Should employees be incentivised for leading healthy lifestyles?
Research suggests that employee incentives, such as discounts on leisure activities or wellness-related items, can encourage healthier lifestyles. Rebekah Haymes of health and benefits consultancy Towers Watson looks at the implications of the findings.
The role of health incentives has been a subject that many UK employers have not embraced. Evidence suggests that the inclusion of incentives alongside wellbeing programmes has not been prevalent, with only 9% of UK employers recently surveyed offering them.
However, as employers face a challenge to increase employee engagement in health, perhaps incentives will start to have a place. At the same time, is there a greater chance for employers to focus on effective education and communication to encourage employees to buy into a culture of health and embark on healthy lifestyles for their own peace of mind?
Align wellbeing to business strategy
It is important to consider why employers want to ensure that a wellbeing strategy delivers results. While we have seen employers turn their attention to the preventative measures that wellbeing presents, many employers are too focused on tactical changes, implementing programmes without any clear strategy. However, we are now seeing a change in the tide, and employers are beginning to recognise the need to develop a wellbeing strategy aligned to business issues such as low employee engagement, high health-related benefit costs, high absence rates and low productivity levels.

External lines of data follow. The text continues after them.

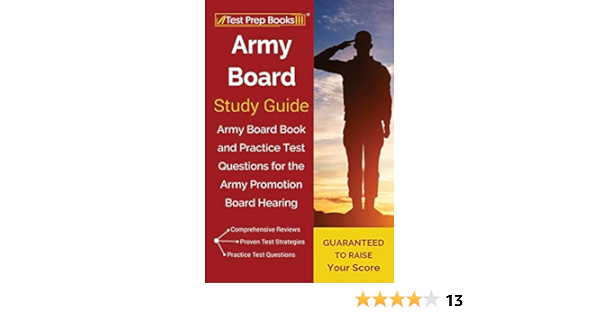 Army Board Study Guide Army Board Book And Practice Test Questions For The Army Promotion Board Hearing Test Prep Books Amazon In Books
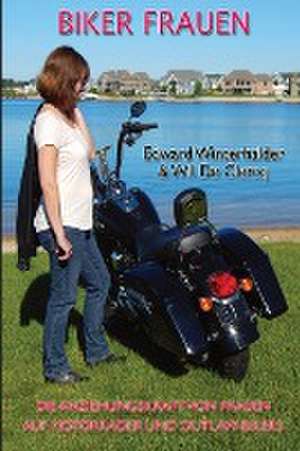 Winterhalder, E: Biker Frauen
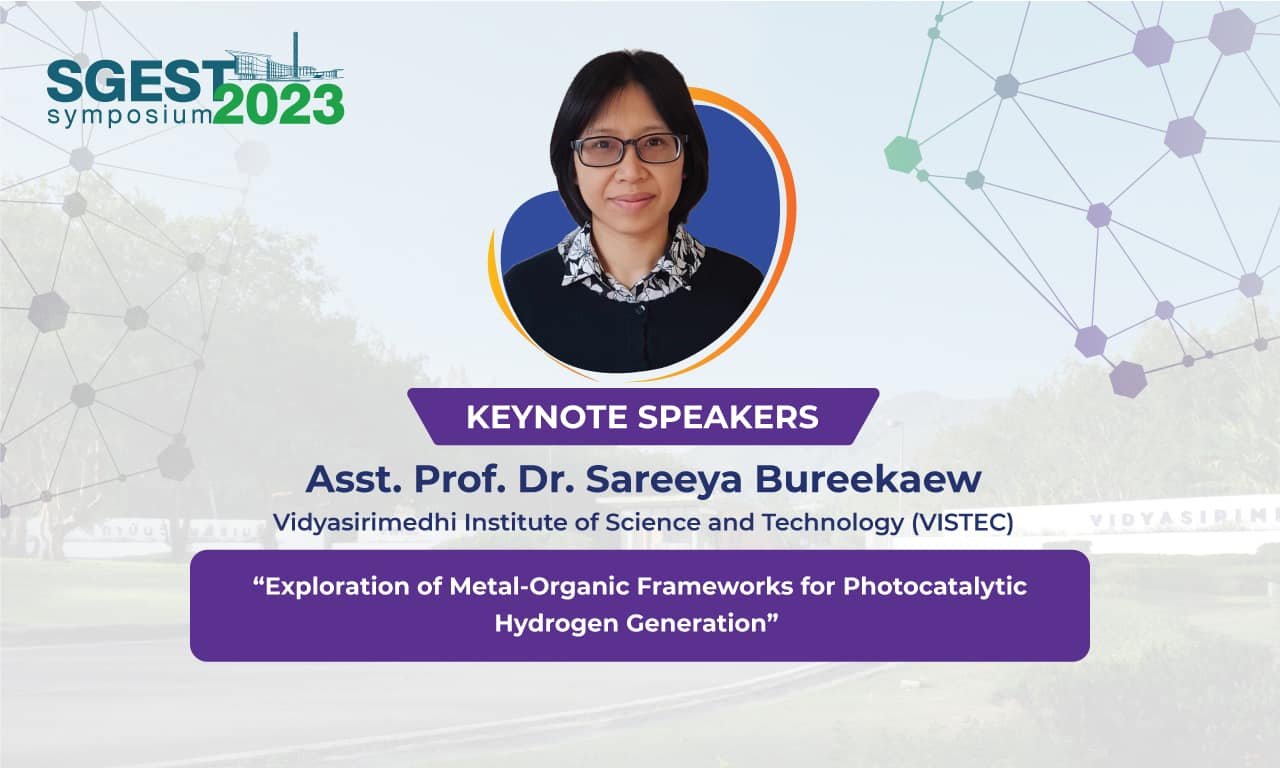 The 1st SGEST Symposium Asst. Prof. Sareeya Bureekaew (VISTEC) ”Exploration of Metal-Organic Frameworks for Photocatalytic Hydrogen Generation“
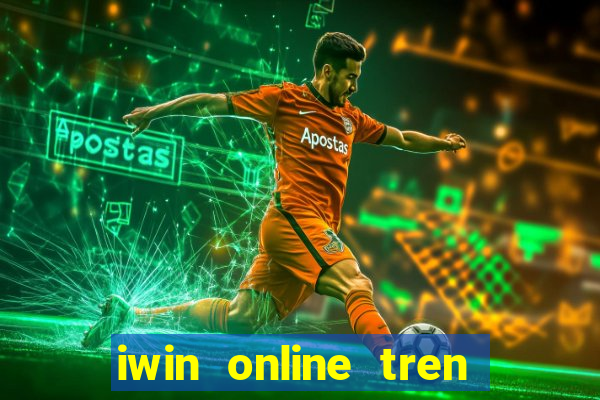 iwin online tren may vi tinh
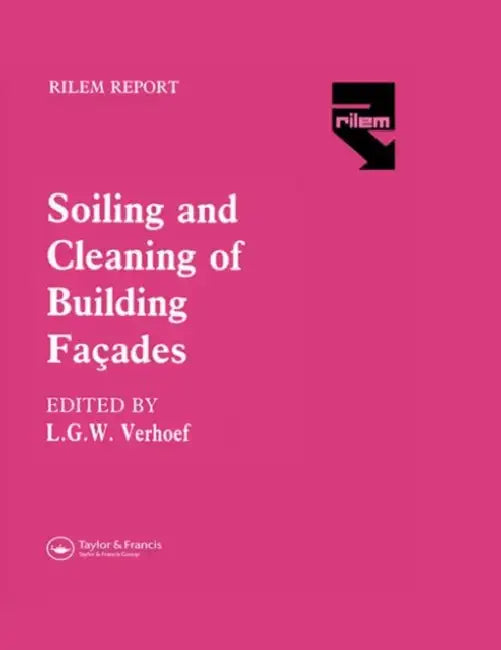 The Soiling and Cleaning of Building Facades (English, L. G. W. Verhoef)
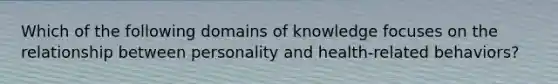 Which of the following domains of knowledge focuses on the relationship between personality and health-related behaviors?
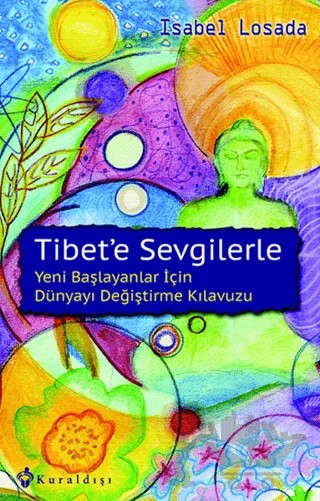 Tibet'e Sevgilerle – Isabel Losada – Kuraldışı Yayınevi kitap kapağı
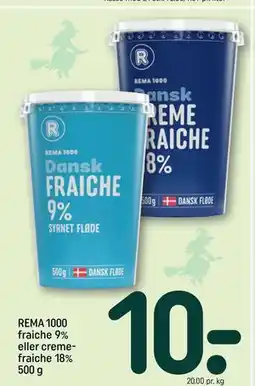 REMA 1000 REMA 1000 fraiche 9% eller cremefraiche 18% 500 g tilbud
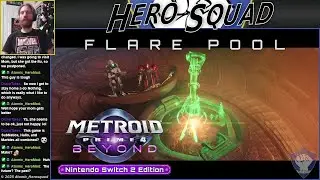 Metroid Prime 4: Beyond - Pt 9 - Flare Pool - Return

Aligning a strategy to business issues also helps to build the business case and gain support from senior leadership, and enables clear measurement practices to be implemented. High engagement in programmes is key to their success, and therefore action needs to be taken to encourage participation – so is this achieved through incentives or education?
What is stopping employers from changing employee behaviour? The Towers Watson Staying@Work survey 2013/14 found that a lack of budget was the primary barrier. Perhaps senior leadership does not appreciate the benefits that good employee wellbeing creates?
A lack of health engagement was the second major barrier with a lack of evidence on returns being the third, with a lack of evidence on returns being the third. A lack of financial incentives was ranked in fifth place, suggesting that employees are not seeking rewards for taking part or switching to a healthier lifestyle.